Dieta de villancicos


Sé cómo se le llama a la gente que esgrime argumentos como los aquí expuestos. Amargado, ¿no es cierto? Uno supuestamente debería celebrar la extensión de la temporada navideña, por cuanto ésta consigue tener de extraordinario. Pero he aquí que lo extraordinario no suele ser elástico, ni se distingue por abundante; menos aún se deja configurar. Qué más quisiera uno que su cumpleaños durara dos meses, y si bien es verdad que de niño la emoción precedente vivía a lo largo de toda una semana, no imagino cómo es que algunos logran celebrar navidades de dos meses. A menos, por supuesto, que en lugar de pasarme dos meses gastando me dedicara a recolectar dinero. En tal caso mi espíritu navideño sería como Zeus vestido de rojo, y haría todo cuanto fuera posible por inundar el mundo de villancicos, de manera que sólo los sonidos de mis registradoras rivalizaran con el coro de las campanas de Belén. A como están las cosas, sin embargo, encuentro que este espíritu navideño dilatado no alcanza para más que ir cada año detrás de la zanahoria de las ventas nocturnas y sus resplandecientes meses sin intereses, ya no en plan desprendido sino con la avidez de un cazador de ofertas trasnochado.

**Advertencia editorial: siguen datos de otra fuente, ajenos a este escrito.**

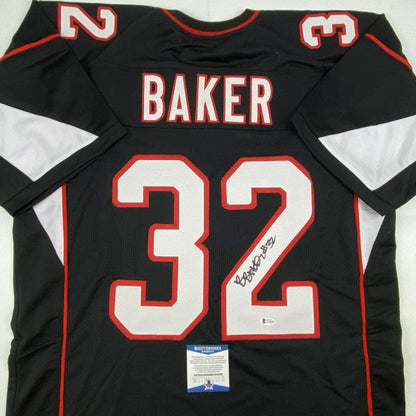 Autographed/Signed Budda Baker Arizona Black Football Jersey Beckett BAS COA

No dudo que a lo ancho de una venta nocturna crezca y florezca la generosidad, e inclusive la irresponsabilidad. Es por supuesto muy gratificante tomar la decisión de endrogarse a lo bestia y porque sí. Hay un deleite en comprar a deshoras, pero de ahí a poner a Santa Claus a trabajar desde el inicio de noviembre, de modo que el chantaje se extienda más allá de lo creíble, hay la misma distancia que separa a la fiesta del simulacro. No han pasado ni siete días de diciembre y ya hay quienes ofrecen a precio de remate los saldos de colguijes y adornos navideños. Pues hoy la Navidad es más larga que la Cuaresma misma, y para quien lo dude ahí están los villancicos. Hay quien quisiera oírlos el año entero.